>>>
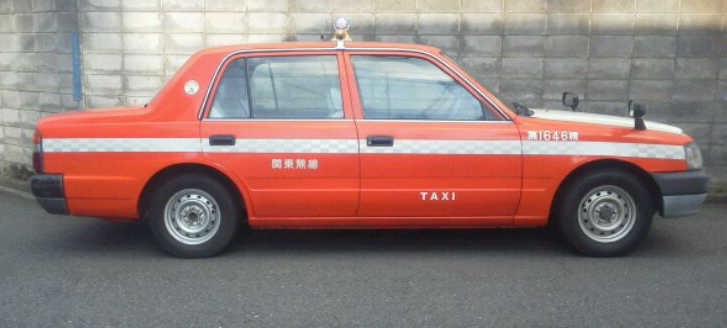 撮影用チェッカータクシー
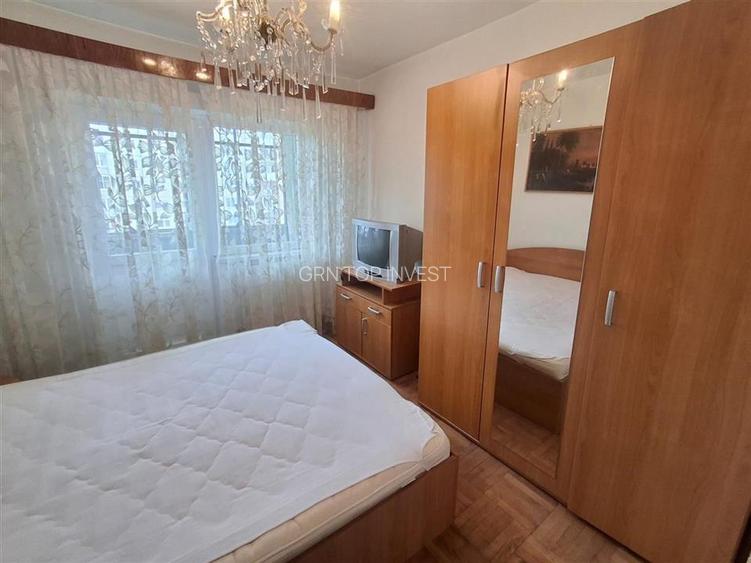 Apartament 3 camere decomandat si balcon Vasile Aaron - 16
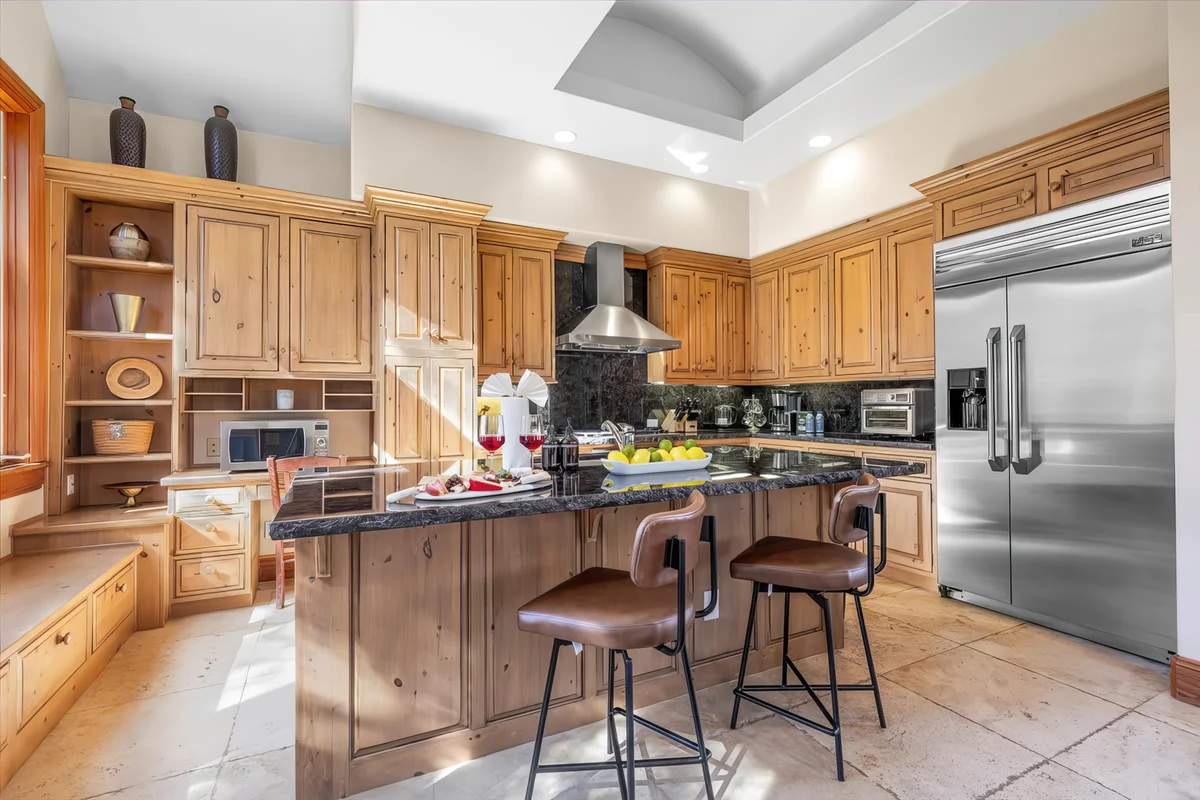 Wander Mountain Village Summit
<<<
>>>
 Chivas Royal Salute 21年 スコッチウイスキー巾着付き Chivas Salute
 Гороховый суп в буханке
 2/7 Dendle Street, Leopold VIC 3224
<<<
>>>
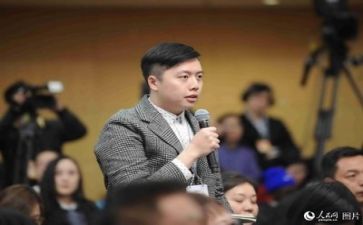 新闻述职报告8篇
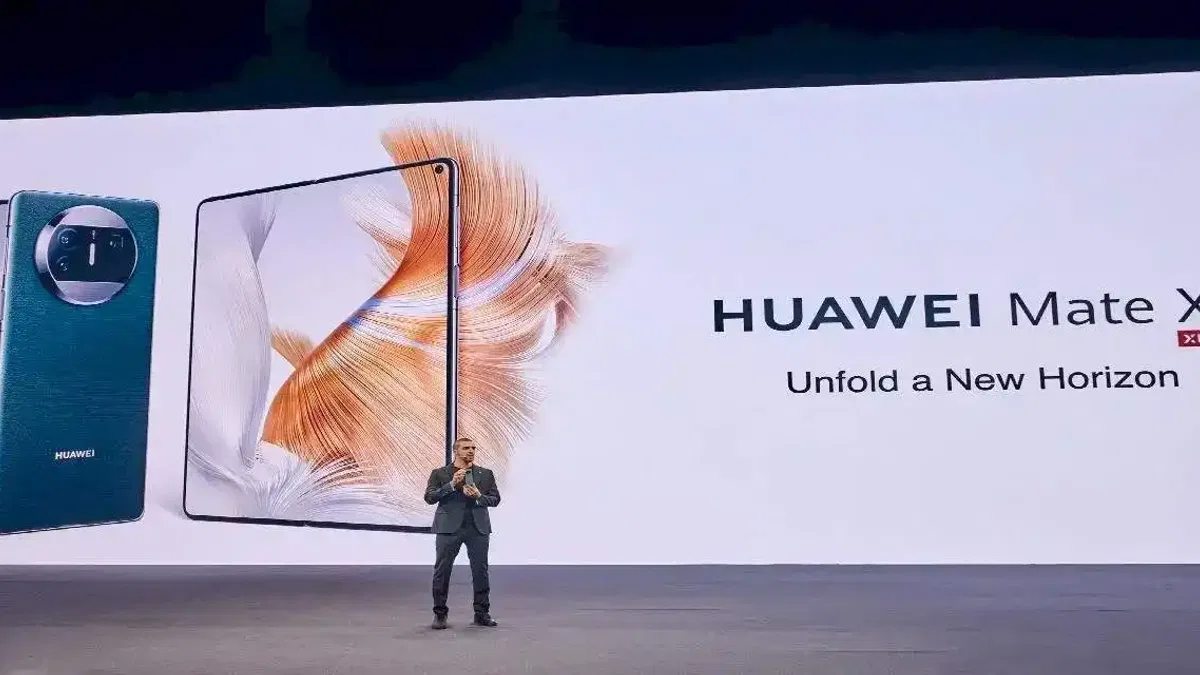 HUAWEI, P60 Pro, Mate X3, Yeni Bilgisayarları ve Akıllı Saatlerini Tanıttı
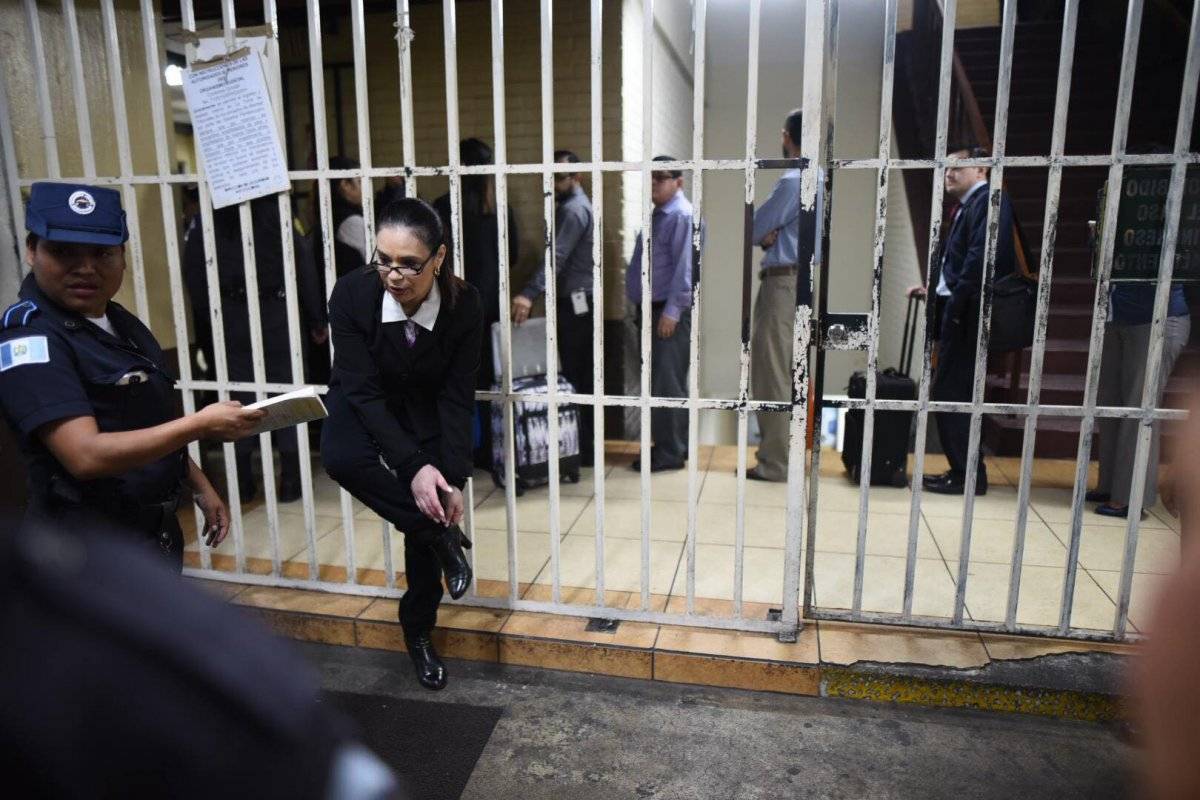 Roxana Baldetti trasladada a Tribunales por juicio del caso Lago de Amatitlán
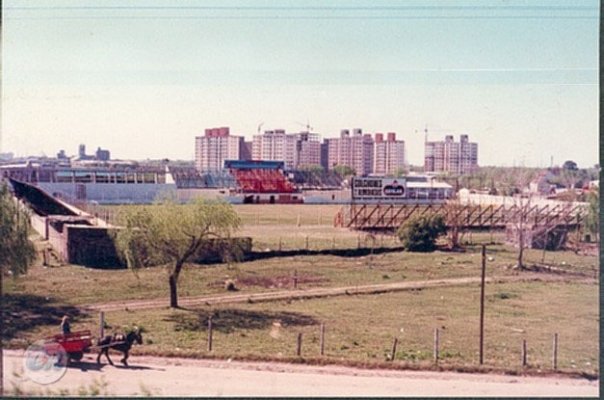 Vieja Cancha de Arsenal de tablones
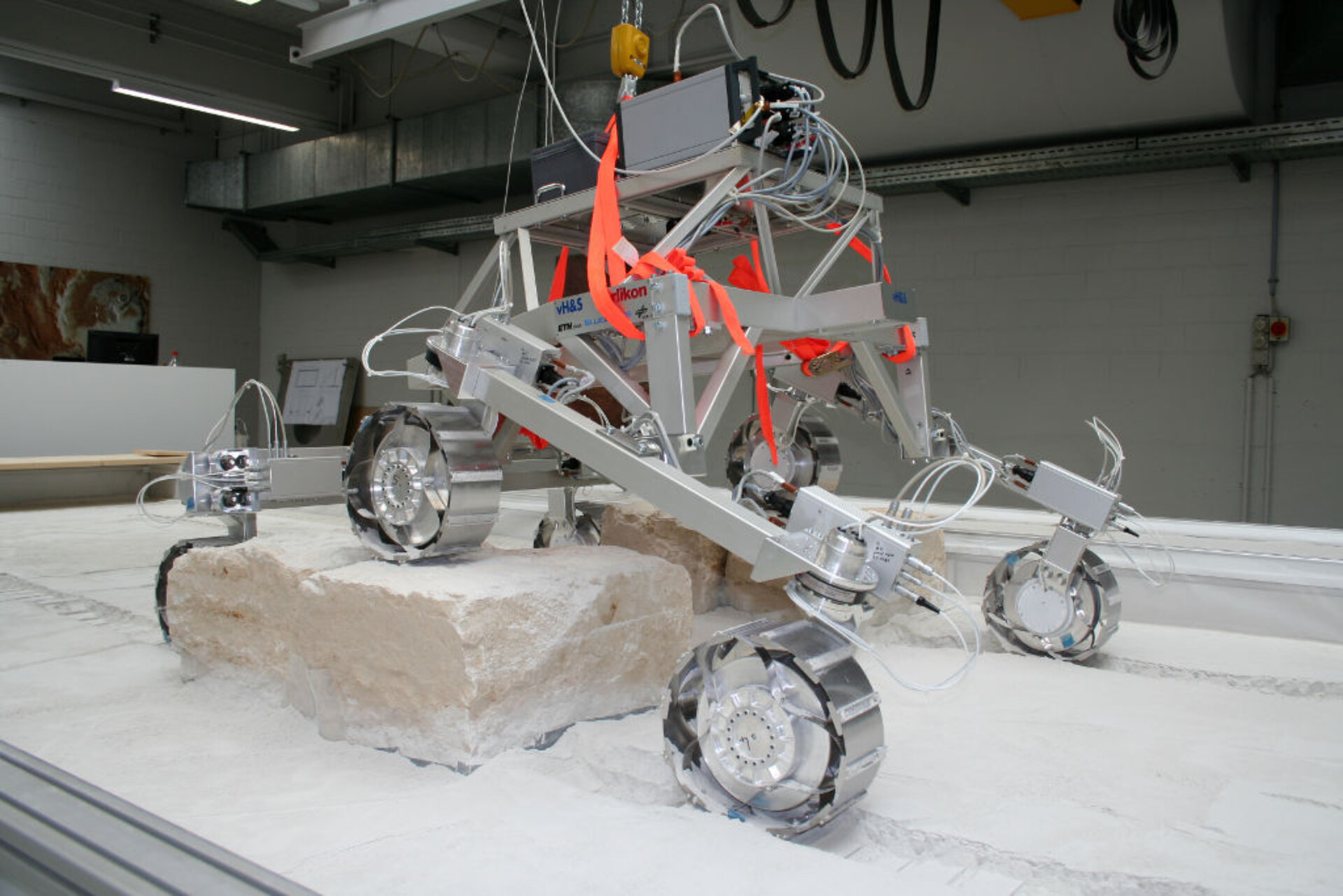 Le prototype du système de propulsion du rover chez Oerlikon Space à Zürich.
<<<
Assignment: Everything above from the line that has "Vieja Cancha de Arsenal de tablones" down to the line that has "Le prototype du" should be output exactly, with both of those lines included. Leave the pictures behind.

Exercise output:
 Vieja Cancha de Arsenal de tablones
 Le prototype du système de propulsion du rover chez Oerlikon Space à Zürich.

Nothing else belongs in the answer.